Individuals living in areas where helminths are endemic often carry more than one species of worm infection; egg output for an individual helminth species is often higher in individuals carrying mixed infections than in individuals carrying single-species infections (3, 5, 20, 38, 45), which may reflect higher intensities of infection and so a higher risk of morbidity. Geographical and environmental factors are known to be of significance in facilitating this type of polyparasitism: for example, similarities in the transmission pathways for certain soil-transmitted nematodes are likely to account for some of the observed associations. However, significant associations have also been demonstrated between helminth infections that do not share obvious transmission pathways and some of these associations are not explained solely by household or environmental effects (20). Furthermore, the intensity of helminth infections alters the risk of multiple-species infection (20, 31, 45) indicating that immunological and/or genetic factors may be involved in regulating resistance and susceptibility to helminth-helminth coinfections. In order to investigate how a chronic helminth infection affects the establishment and outcome of a second concurrent helminth infection, we have used the mouse models of the gastrointestinal nematode Trichuris muris (the murine equivalent of human Trichuris trichiura [whipworm] infection) together with the trematode Schistosoma mansoni (a common human infection in tropical countries). Mice that fail to develop an early protective Th2 response against T. muris go on to develop long-term chronic infections (8). However, as the infection progresses beyond the chronic stage, the initial Th1 response is downregulated and a subsequent increase in Th2 response is seen (21, 22). Moreover, production of the regulatory cytokine interleukin-10 (IL-10) has been shown to be critical for host survival (43).
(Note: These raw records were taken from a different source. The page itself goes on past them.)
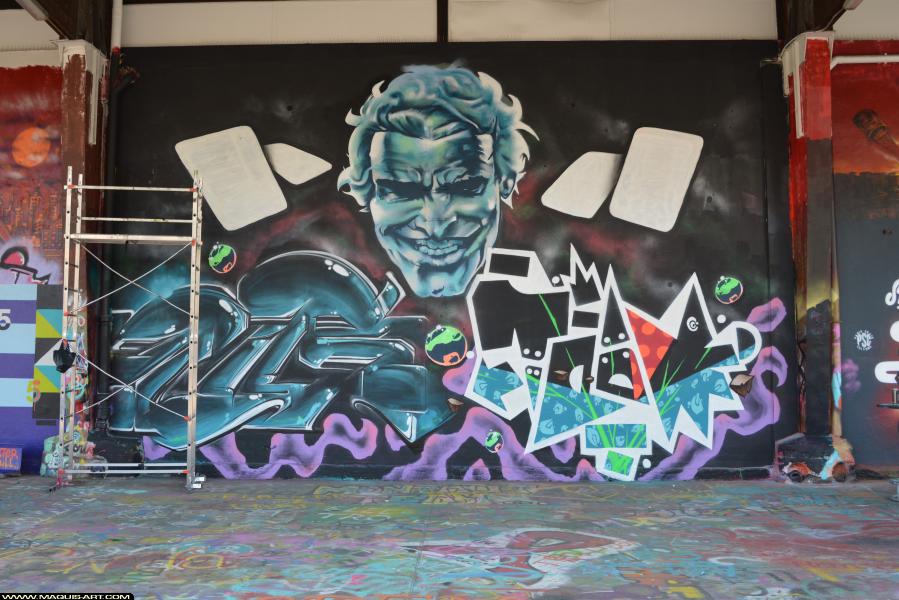 Graffiti de Team et Urb1 à L'Aérosol Paris (25 février 2018)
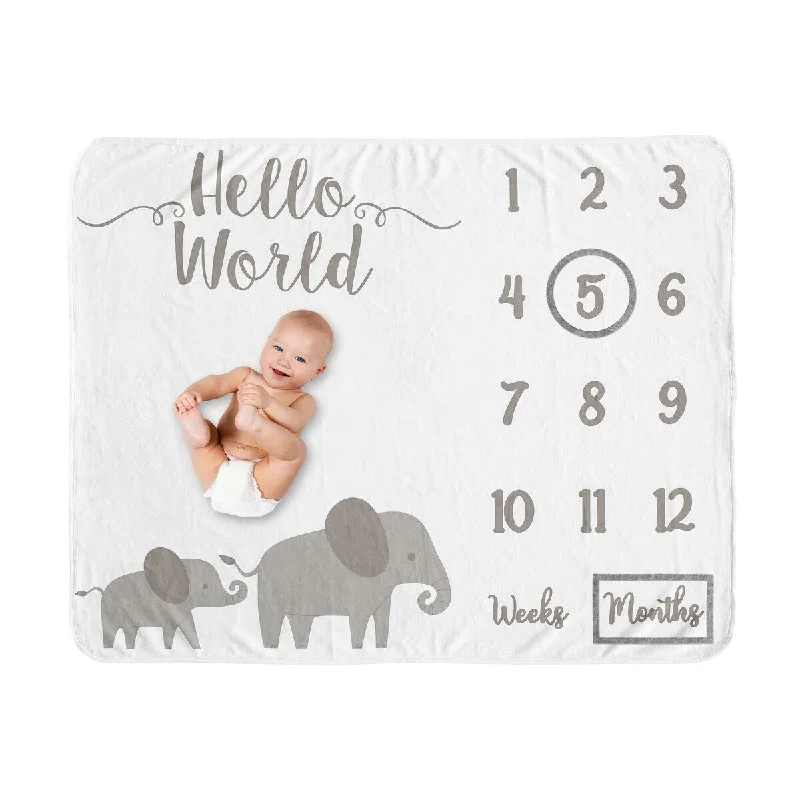 Grey Elephant Boy or Girl Baby Monthly Milestone Blanket - Watercolor Safari Animal for Mint Green and Gray Collection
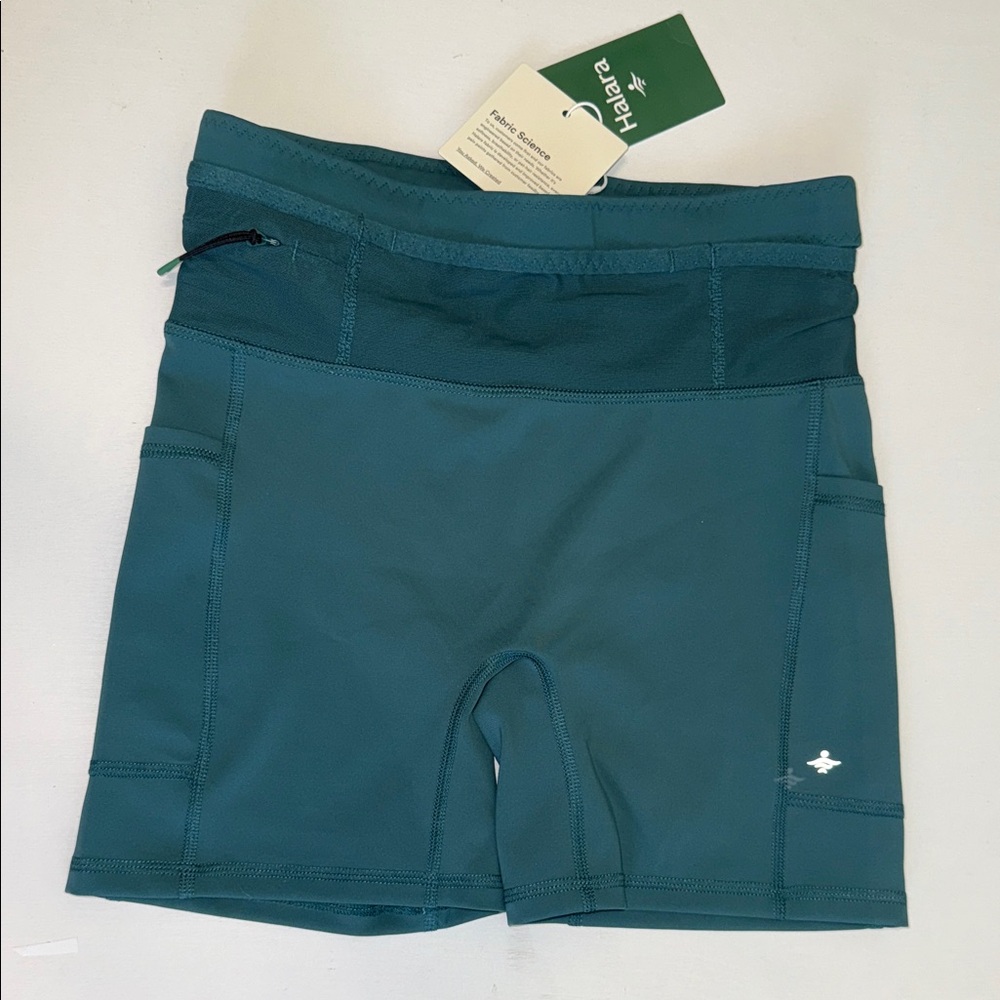 HALARA Speed Wave Deep Teal Workout Shorts Small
Similarly, mice infected with S. mansoni respond with a Th1 response in the early phase of infection, switching to a Th2-dominated response once the adult worms commence egg production (41). Some of the eggs produced by the female S. mansoni worms are trapped in the microvasculature of the liver, where they induce a strong granulomatous response. Most of the pathology associated with S. mansoni infection in both humans and mice is caused by these granulomas.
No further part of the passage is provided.